Top of DATA TO USE

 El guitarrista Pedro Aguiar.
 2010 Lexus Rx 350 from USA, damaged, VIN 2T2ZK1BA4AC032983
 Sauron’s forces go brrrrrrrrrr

Bottom of DATA TO USE
Top of DATA TO USE

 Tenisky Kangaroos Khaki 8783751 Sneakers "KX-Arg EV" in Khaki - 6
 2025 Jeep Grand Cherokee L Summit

Bottom of DATA TO USE

### YOUR INSTRUCTIONS
The range runs from the line above containing "El guitarrista Pedro Aguiar." to the line containing "Sauron’s forces go brrrrrrrrrr", inclusive. Restate those lines word for word and no others.

### RESULT OF THE EXERCISE
 El guitarrista Pedro Aguiar.
 2010 Lexus Rx 350 from USA, damaged, VIN 2T2ZK1BA4AC032983
 Sauron’s forces go brrrrrrrrrr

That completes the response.